Inauguré en février, le Centre de génomique médicale offre une lueur d’espoir pour les patients en errance diagnostique ou dont les traitements ne sont pas efficaces.
Mardi 15 janvier, 10h, visioconférence, bâtiment Gustave Julliard. Les stores s’abaissent en silence derrière l’immense baie vitrée et plongent la salle dans une douce pénombre. Le projecteur s’allume. Un dossier médical s’affiche sur l’écran grand comme une toile de cinéma. Les visages de la quinzaine d’experts réunis autour de la table en V se nimbent de lumière bleue. «Voilà. Commençons!», s’exclame le Pr Marc Abramowicz, médecin-chef du Service de médecine génétique. Le premier genome board des HUG vient de démarrer.

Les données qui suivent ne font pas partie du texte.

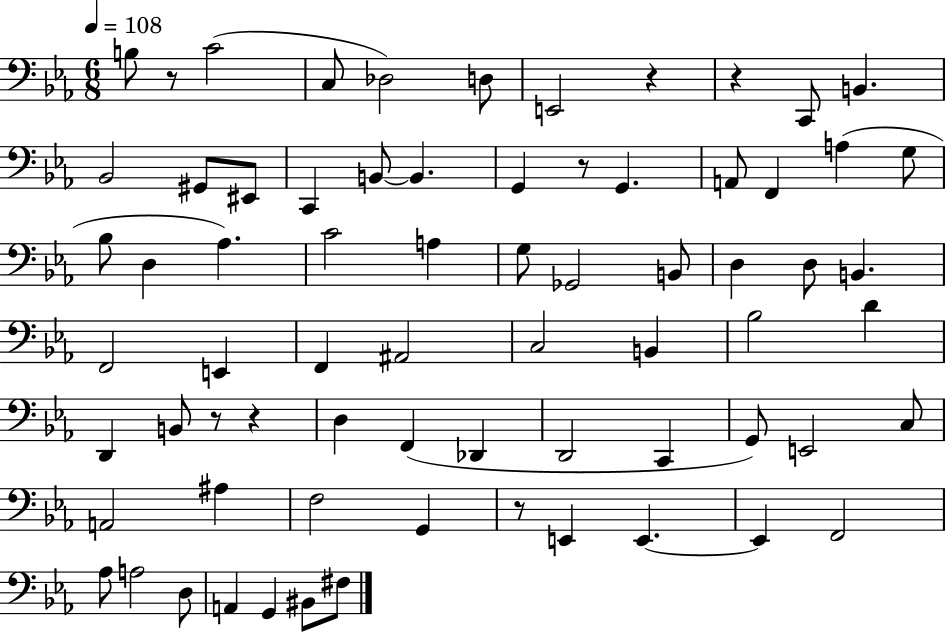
X:1
T:Untitled
M:6/8
L:1/4
K:Eb
B,/2 z/2 C2 C,/2 _D,2 D,/2 E,,2 z z C,,/2 B,, _B,,2 ^G,,/2 ^E,,/2 C,, B,,/2 B,, G,, z/2 G,, A,,/2 F,, A, G,/2 _B,/2 D, _A, C2 A, G,/2 _G,,2 B,,/2 D, D,/2 B,, F,,2 E,, F,, ^A,,2 C,2 B,, _B,2 D D,, B,,/2 z/2 z D, F,, _D,, D,,2 C,, G,,/2 E,,2 C,/2 A,,2 ^A, F,2 G,, z/2 E,, E,, E,, F,,2 _A,/2 A,2 D,/2 A,, G,, ^B,,/2 ^F,/2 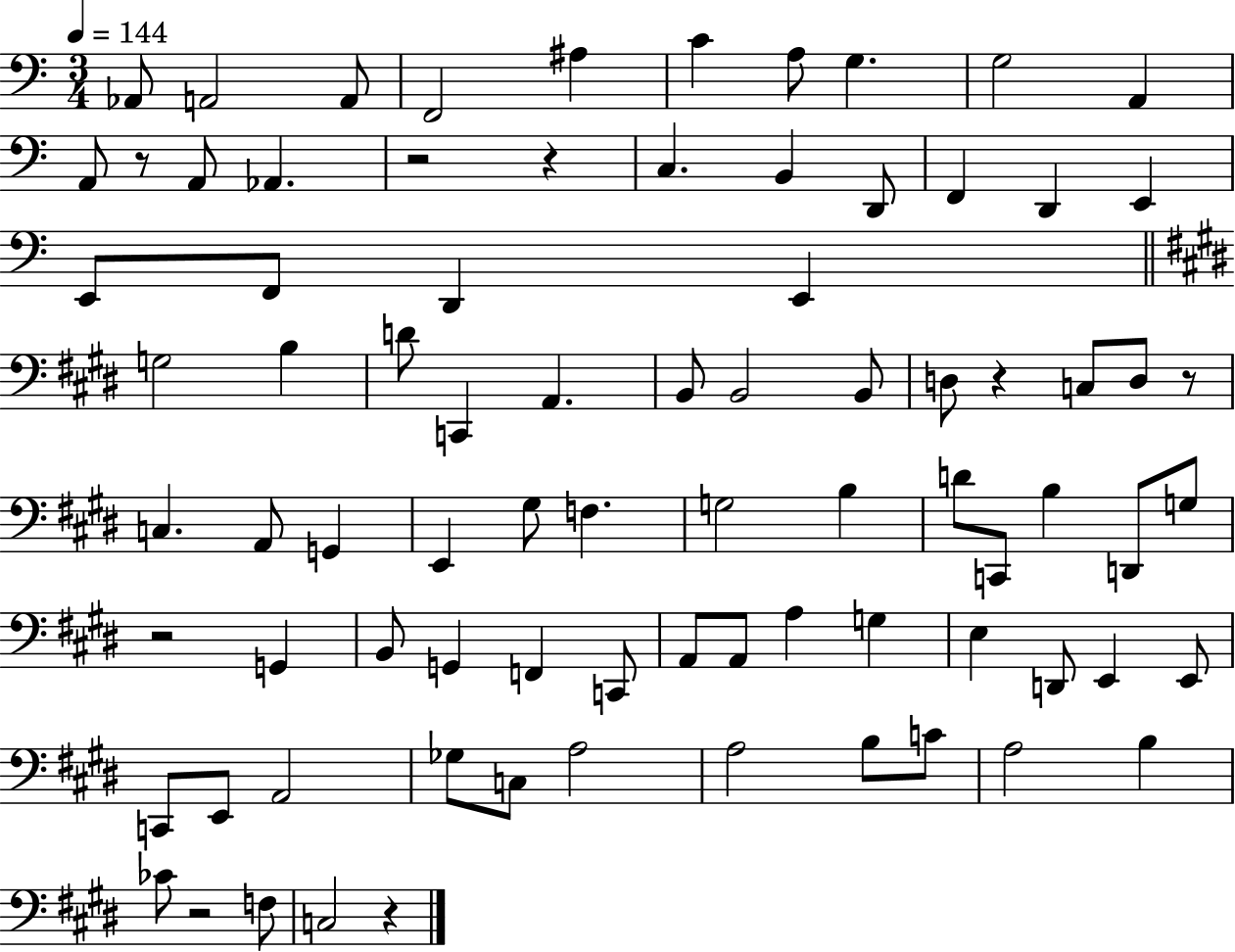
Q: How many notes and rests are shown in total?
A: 82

Un genome… quoi? En fait, il s’agit d’un colloque interdisciplinaire où généticiens et spécialistes cliniques unissent leurs compétences pour débusquer le gène responsable d’une maladie, souvent rare. En cas de succès, le patient suivra un traitement adéquat ou, au minimum, mettra un nom sur sa pathologie, après des années d’errance médicale.
Pour comprendre la portée novatrice de cette séance inaugurale et mesurer le chemin parcouru, un retour dans le temps s’impose. Pas de beaucoup. Une vingtaine d’années. Souvenez-vous, au tournant du millénaire, après dix ans de travaux, l’ADN humain est décrypté de A à Z pour la première fois. Un nouveau continent biologique est cartographié.
Avancée fulgurante
Le hic au départ? Le coût: près d’un milliard de dollars. Mais l’histoire ne s’arrête pas là. Les progrès sont rapides. Dix ans plus tard, arrive le séquençage à haut débit. Si bien qu’aujourd’hui, la lecture complète d’un ADN prend trois semaines et coûte environ quatre mille francs. La progression est vertigineuse. Un peu comme si vingt ans après l’alunissage d’Apollo 11, des charters mettaient à portée de toutes les bourses un week-end romantique sur la Lune.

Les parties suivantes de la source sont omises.